Rhonda Stroud | |
Workplaces: | Naval Research Laboratory Arizona State University |
Alma Mater: | Cornell University California Institute of Technology Washington University in St. Louis |
Birth Place: | Rochester, NY |
Fields: | materials physics, planetary science |
Rhonda M. Stroud (born 1971) is a materials physicist and planetary scientist at Arizona State University, where she serves as Director of the Buseck Center for Meteorite Studies. From 1998- 2022, she was a Research Physicist at the United States Naval Research Laboratory, where she led the Nanoscale Materials Section. She is known for her research on nanostructures, including quasicrystals and aerogel, and on the materials that make up comets and cosmic dust. She pioneered the use of focused ion beam technology in the study of meteorites.

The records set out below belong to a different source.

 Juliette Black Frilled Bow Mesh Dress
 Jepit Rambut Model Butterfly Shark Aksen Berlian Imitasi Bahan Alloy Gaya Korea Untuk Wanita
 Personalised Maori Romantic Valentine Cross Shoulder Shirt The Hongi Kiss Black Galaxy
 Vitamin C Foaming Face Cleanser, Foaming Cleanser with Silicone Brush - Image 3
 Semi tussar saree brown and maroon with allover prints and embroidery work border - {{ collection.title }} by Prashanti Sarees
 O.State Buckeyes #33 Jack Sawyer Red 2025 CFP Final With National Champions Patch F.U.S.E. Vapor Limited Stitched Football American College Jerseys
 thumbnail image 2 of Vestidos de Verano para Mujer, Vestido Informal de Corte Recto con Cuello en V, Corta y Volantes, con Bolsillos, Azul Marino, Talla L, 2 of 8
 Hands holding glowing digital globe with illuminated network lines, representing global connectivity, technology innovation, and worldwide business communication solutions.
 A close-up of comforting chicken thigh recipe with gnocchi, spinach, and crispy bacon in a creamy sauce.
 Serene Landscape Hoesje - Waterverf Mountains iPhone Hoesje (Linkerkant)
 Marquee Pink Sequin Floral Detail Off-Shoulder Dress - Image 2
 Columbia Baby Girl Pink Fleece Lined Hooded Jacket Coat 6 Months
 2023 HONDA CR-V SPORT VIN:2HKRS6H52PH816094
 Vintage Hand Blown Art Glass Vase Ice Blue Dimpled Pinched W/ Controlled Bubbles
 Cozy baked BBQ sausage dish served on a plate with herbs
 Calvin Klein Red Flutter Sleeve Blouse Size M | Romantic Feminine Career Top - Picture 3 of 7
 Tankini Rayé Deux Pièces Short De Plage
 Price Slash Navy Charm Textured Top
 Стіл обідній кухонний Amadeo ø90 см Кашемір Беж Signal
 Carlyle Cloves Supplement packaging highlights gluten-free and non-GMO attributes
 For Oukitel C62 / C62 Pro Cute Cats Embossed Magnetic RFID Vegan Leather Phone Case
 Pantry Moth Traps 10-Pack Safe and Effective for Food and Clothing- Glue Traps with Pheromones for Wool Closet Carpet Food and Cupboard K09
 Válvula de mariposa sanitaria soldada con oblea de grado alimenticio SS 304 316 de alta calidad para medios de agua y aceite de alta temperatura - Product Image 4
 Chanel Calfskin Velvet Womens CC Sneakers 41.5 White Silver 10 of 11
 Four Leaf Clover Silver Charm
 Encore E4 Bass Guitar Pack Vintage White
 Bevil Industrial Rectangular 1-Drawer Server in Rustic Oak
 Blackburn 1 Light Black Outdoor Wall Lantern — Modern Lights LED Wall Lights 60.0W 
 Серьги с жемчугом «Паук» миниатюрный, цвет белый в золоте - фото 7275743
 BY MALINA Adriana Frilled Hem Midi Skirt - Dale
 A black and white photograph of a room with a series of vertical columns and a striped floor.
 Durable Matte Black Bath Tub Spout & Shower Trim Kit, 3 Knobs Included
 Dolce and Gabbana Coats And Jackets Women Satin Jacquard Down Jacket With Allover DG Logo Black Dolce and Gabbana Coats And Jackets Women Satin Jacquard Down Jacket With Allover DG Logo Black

Stroud graduated from Cornell University in 1991 and completed a Ph.D. in 1996 at Washington University in St. Louis. She joined the Naval Research Laboratory in 1996 as a postdoctoral researcher, and two years later obtained a permanent position there as a Research Physicist.
She served as president of the Microanalysis Society for 2018–2020.
Stroud was elected as a Fellow of the American Physical Society in 2010, of the Microscopy Society of America in 2021.,[1] and of the Microanalysis society in 2022.She is also a fellow of the Meteoritical Society. Asteroid 8468 Rhondastroud was named after her in 2012.